What is the European Accessibility Act?
The European Accessibility Act (EAA), officially Directive (EU) 2019/882, is EU legislation requiring certain digital products and services to be accessible to people with disabilities. It was adopted on 17 April 2019 and its requirements became applicable on 28 June 2025.
Who does the EAA apply to?
The EAA applies to economic operators (manufacturers, importers, distributors, and service providers) who place products or provide services covered by the directive within the EU. Covered sectors include e-commerce, banking, telecommunications, transport, e-books, and computing hardware. Micro-enterprises providing services may be exempt.
What are the penalties for non-compliance with the EAA?
Each EU member state sets its own penalties, but they must be effective, proportionate, and dissuasive (Article 30). Penalties can include fines, mandatory corrective actions, and product withdrawal from the market. Some member states have set fines up to €100,000 or more per violation.
What standard does the EAA reference?
The EAA references the harmonised European standard EN 301 549 V3.2.1 (2021-03), which incorporates WCAG 2.1 Level AA for web content. Meeting WCAG 2.1 AA for your web content is necessary but not sufficient — the EAA also covers non-web digital products and services.
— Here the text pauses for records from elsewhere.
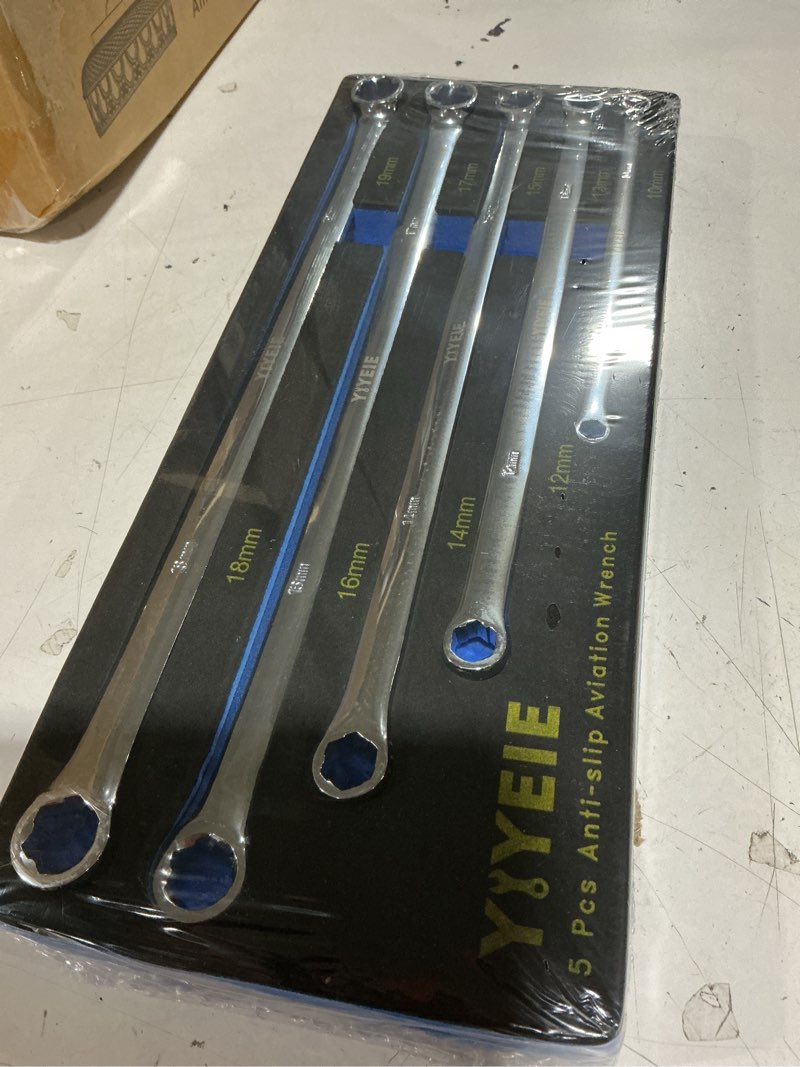 Condition photo showing New/Like New for yiyeie 5-piece extra long box end wrench set, metric 8mm-19mm, 6 point extended bolt extractor wrench, cr-v labor-saving aviation spanner with eva foam extra long | extractor wrench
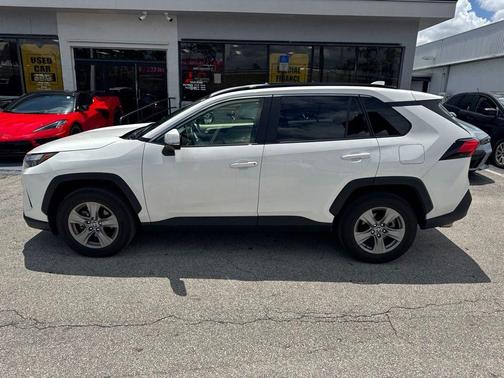 Ice 2024 Toyota RAV4 XLE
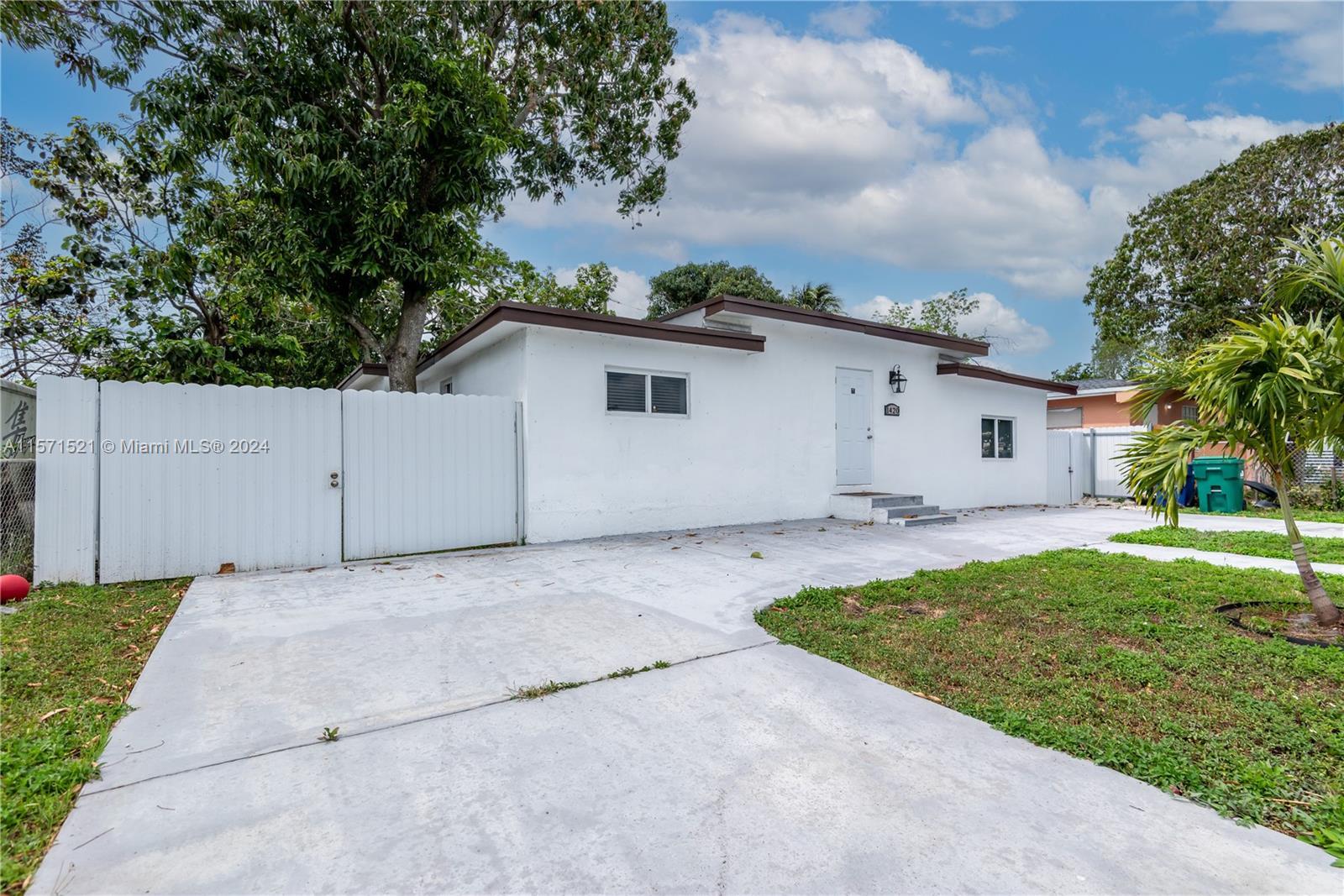 Photo of 1420 NW 116th St in Miami, FL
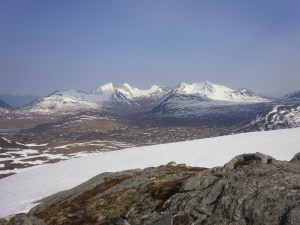Mot fjella rundt Skorgedalen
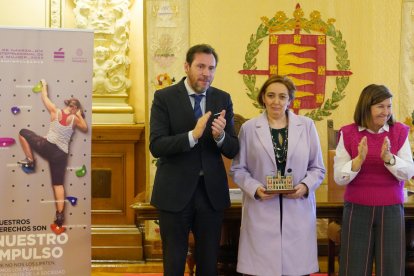 Lectura del Manifiesto del Día Internacional de la Mujer, con motivo del 8 de marzo, a cargo de la presidenta de la Confederación Española de Asociaciones de Padres y Madres del Alumnado (Ceapa), Luisa María Capellán.- ICAL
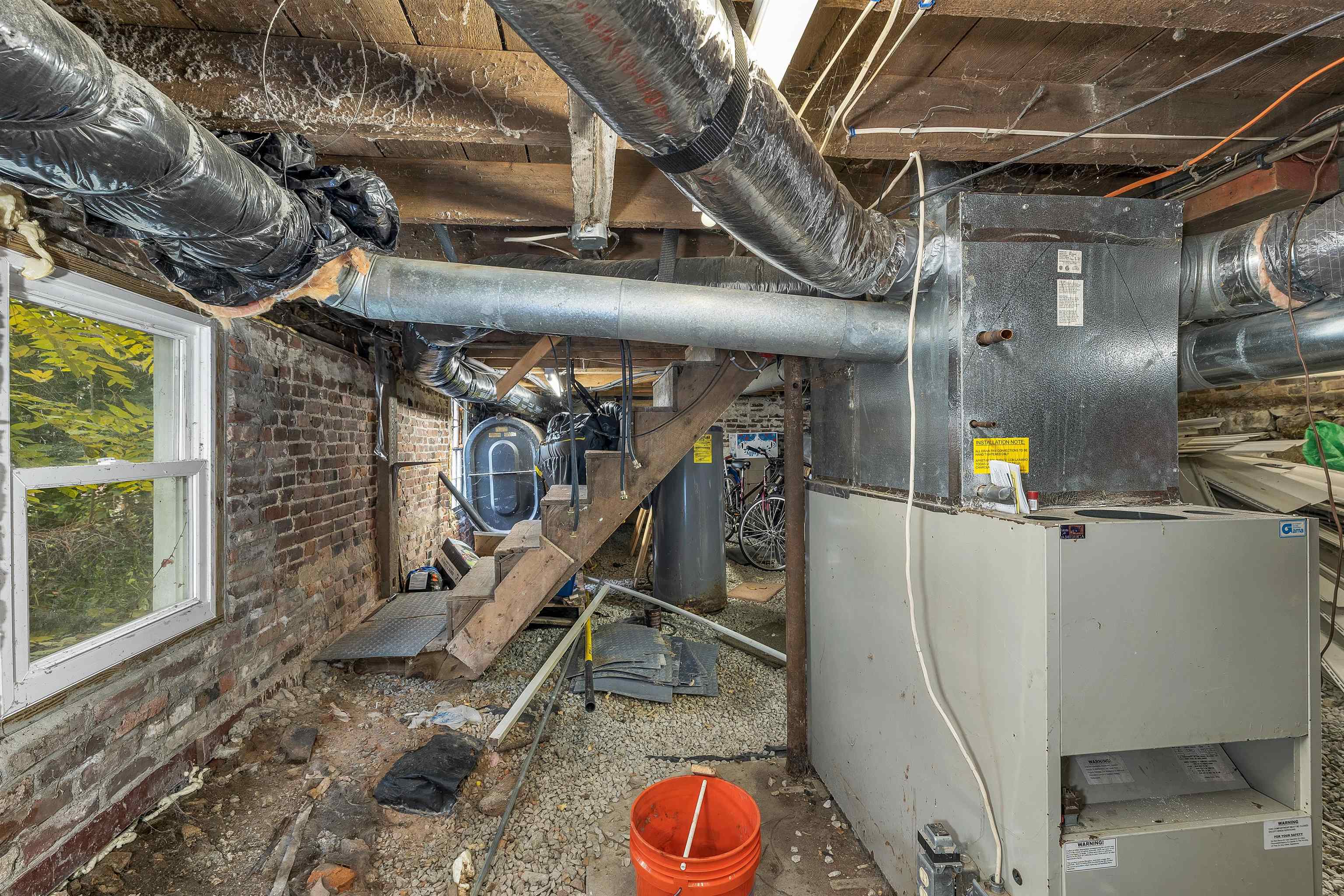 96 Clinton Street Laconia, NH 03246 - Photo 43 of 45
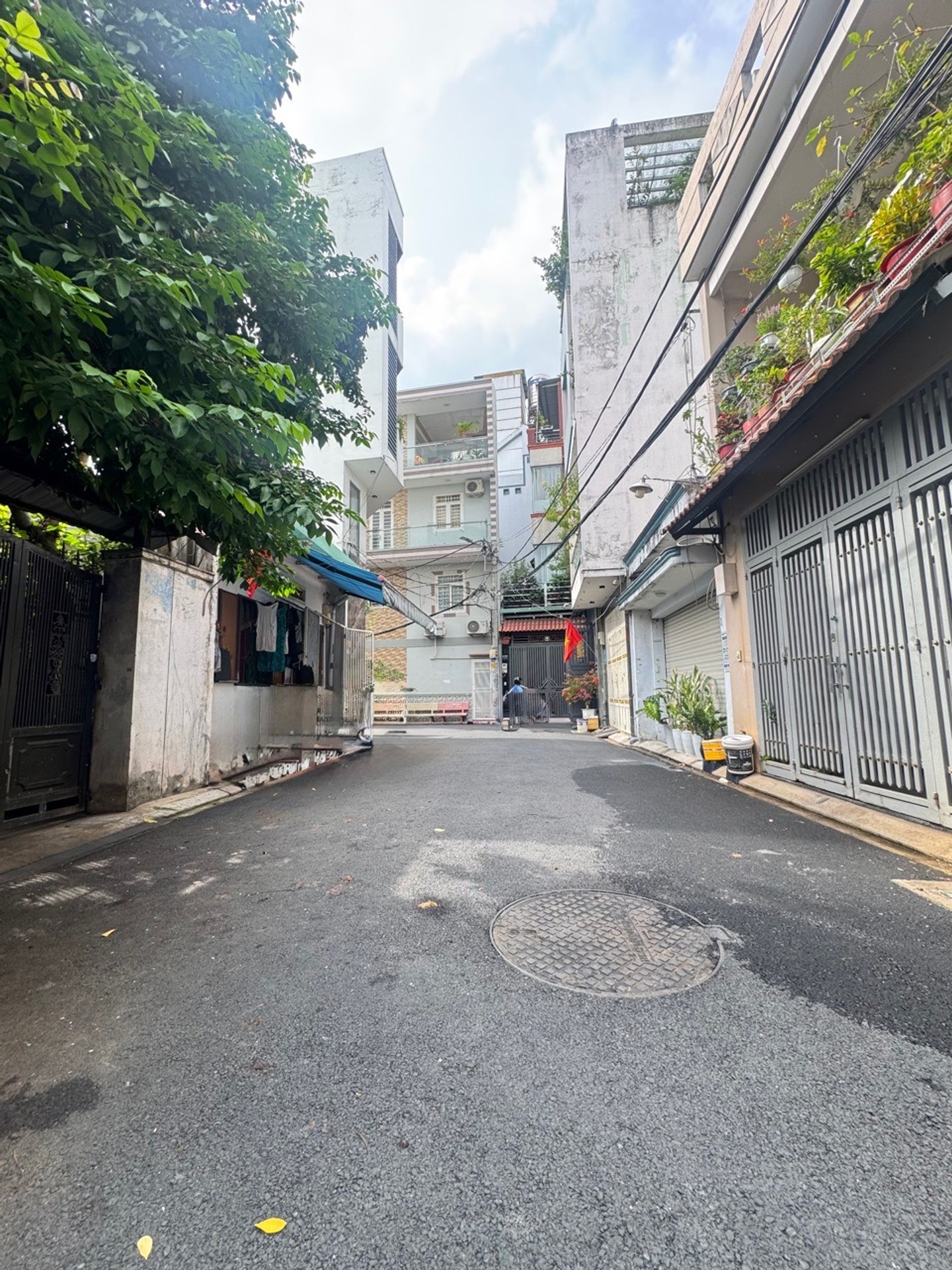 Nhà 2 tầng 53m2 Tân Sơn Nhì giá chỉ 5,8 tỷ có sổ hoàn công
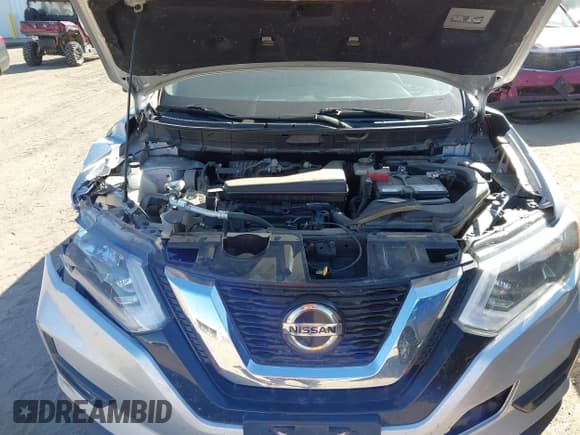 ✅ 2018 Nissan Rogue SV • VIN: JN8AT2MV6JW302179 • Lot: 43405972. Wystawiony na IAAI z przebiegiem 85 701 mil. Bezpłatny archiwum sprzedaży aukcyjnych z USA i szczegółowy raport historii pojazdu na DreamBid. Zdjęcie 10.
Does the EAA apply to UK organisations?
The EAA does not directly apply in the UK post-Brexit. However, UK organisations that sell products or provide services to EU consumers must comply with the EAA for those products and services. The UK has its own accessibility framework under the Equality Act 2010 and the Public Sector Bodies (Websites and Mobile Applications) Accessibility Regulations 2018.